TASK | When a line below holds the string "with", show that line.

___ SOURCE INFORMATION

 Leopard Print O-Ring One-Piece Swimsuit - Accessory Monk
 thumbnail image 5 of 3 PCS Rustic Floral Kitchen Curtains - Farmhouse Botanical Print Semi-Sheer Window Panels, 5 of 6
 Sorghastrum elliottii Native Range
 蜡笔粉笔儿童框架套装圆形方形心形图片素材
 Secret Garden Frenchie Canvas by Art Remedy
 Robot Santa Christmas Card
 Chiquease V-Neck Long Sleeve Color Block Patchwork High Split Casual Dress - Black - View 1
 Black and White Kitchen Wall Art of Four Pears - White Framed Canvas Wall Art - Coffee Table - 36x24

______
___ SOURCE INFORMATION

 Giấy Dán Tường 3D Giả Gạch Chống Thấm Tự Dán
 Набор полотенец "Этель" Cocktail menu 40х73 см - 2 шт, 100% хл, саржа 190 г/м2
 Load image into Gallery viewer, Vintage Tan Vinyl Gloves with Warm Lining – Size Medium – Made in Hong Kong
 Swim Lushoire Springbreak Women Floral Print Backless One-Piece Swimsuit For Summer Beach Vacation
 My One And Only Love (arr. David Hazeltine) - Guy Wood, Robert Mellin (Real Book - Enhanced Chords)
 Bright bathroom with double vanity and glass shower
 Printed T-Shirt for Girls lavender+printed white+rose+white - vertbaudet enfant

______
___ SOURCE INFORMATION

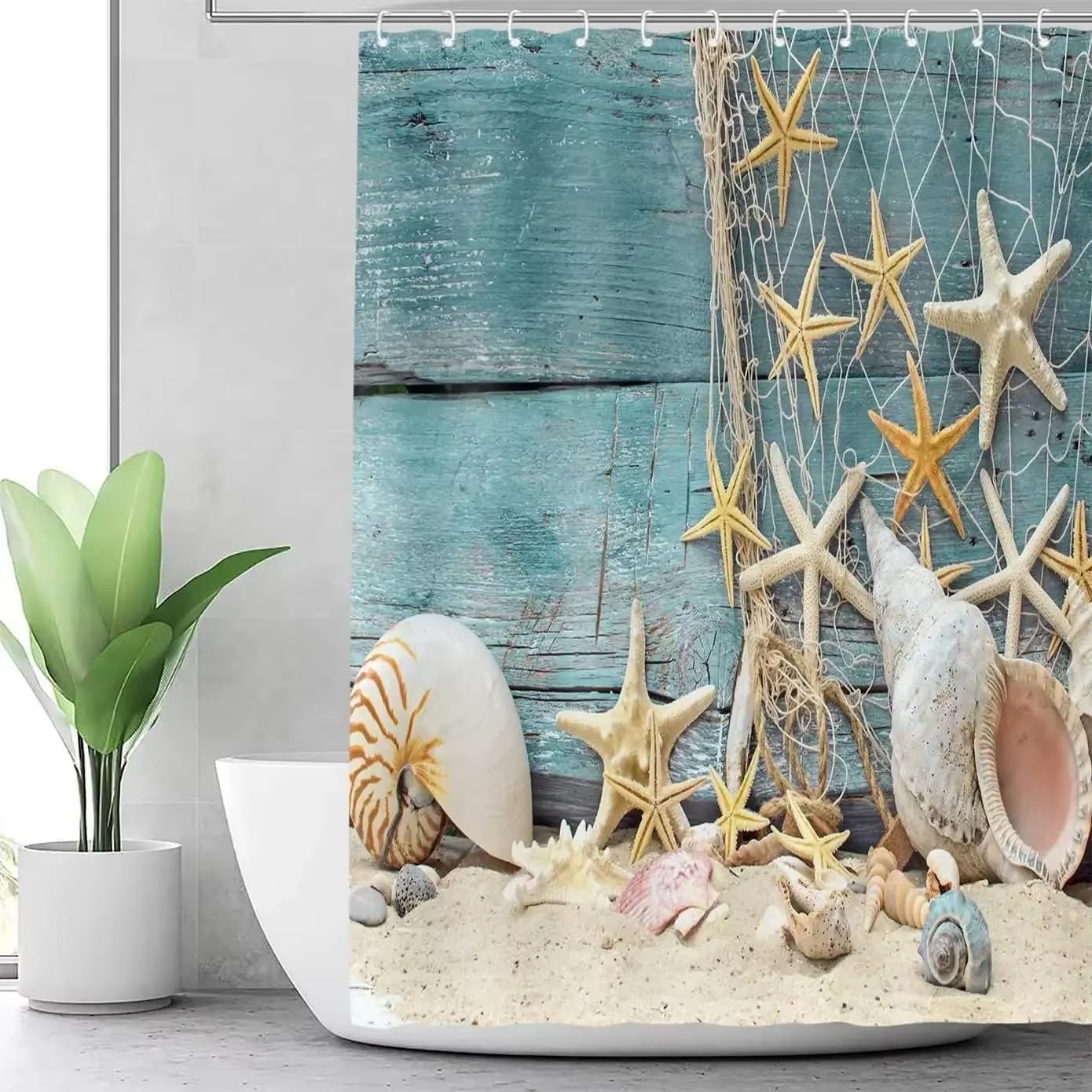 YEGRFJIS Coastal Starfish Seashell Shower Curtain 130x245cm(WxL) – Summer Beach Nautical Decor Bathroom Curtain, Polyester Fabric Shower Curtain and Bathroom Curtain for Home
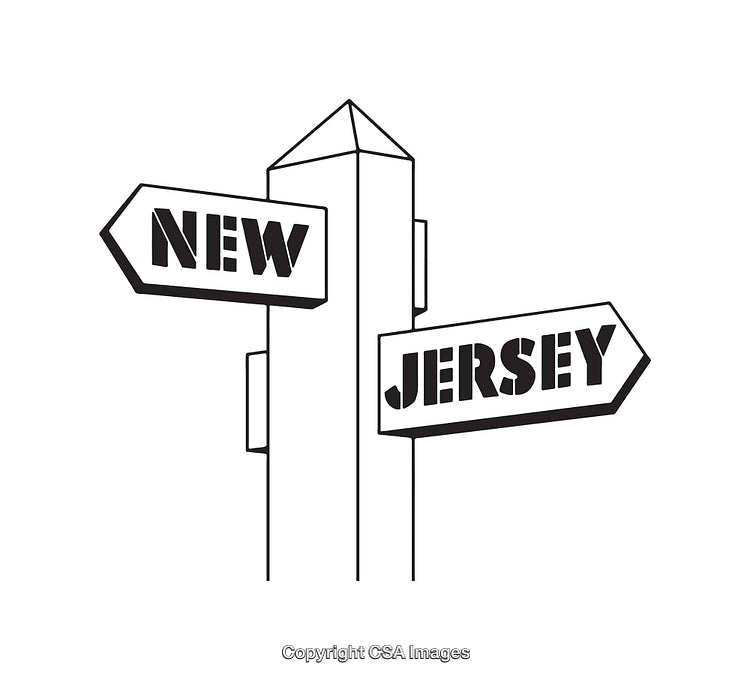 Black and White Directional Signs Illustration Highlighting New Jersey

______

WORKED SOLUTION |
 Load image into Gallery viewer, Vintage Tan Vinyl Gloves with Warm Lining – Size Medium – Made in Hong Kong
 Bright bathroom with double vanity and glass shower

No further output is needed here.